Choice Run Amok: The Case of Starbucks
By Shlomo Maital

There are a lot of things wrong with capitalism. Not the worst one is this: Choice.
Businesses are driven by desperate efforts to grow revenues, to proliferate the choices they offer. The result: six miles of breakfast cereals on supermarket shelves.
And …Starbucks, which offers “….some combination of tall venti grande double-pump, one to four shots of espresso, half-caf, oat milk, nonfat milk, soy milk, milk milk, whipped cream, syrup, brown sugar, white sugar, no sugar and mocha drizzle, from the pike position with two and a half twists.”
Writing in today’s New York Times, Bill Saporito details Starbucks’ dilemma, after firing their CEO (who created the problem) and appointing Chipotle’s previous CEO, who created the same problem at his previous job.
At Starbucks, “…There’s often a crowd waiting at the bar end because Gen Z, which tends to prefer anything but human interface, has overwhelmed the baristas with the same orders-of-magnitude drinks. Starbucks says there are more than 170,000 possible drink combinations available, but outside estimates have put the number at more than 300 billion. And the person in front of you always seems to be ordering 100 million of them.”

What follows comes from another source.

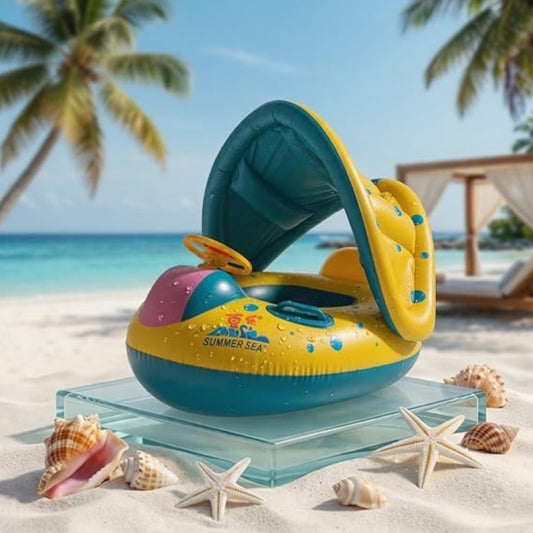 Inflatable Float with Protective Canopy, Steering Wheel Car Design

Three hundred billion combinations. Yikes. Why? Wall St. demands constant growth. You grow, by expanding your offerings, right?
Well, maybe not. Maybe you confuse customers, make life impossible for baristas who have to provide those choices, and create long long looooong lines of people waiting for their half-caf half soy half milk two shots no foam etc….
Long ago, I wrote an academic article explaining why, in contradiction to economic theory, more choice means less wellbeing. Sometimes, we are better off when we ourselves limit our own choices.
Saporito notes that there are fast-food chains that offer very simple limited menus and are thriving. I think, in many cases, less is more. Less choice is more simplicity, less complexity. Capitalism is choice run amok. Time to rethink it.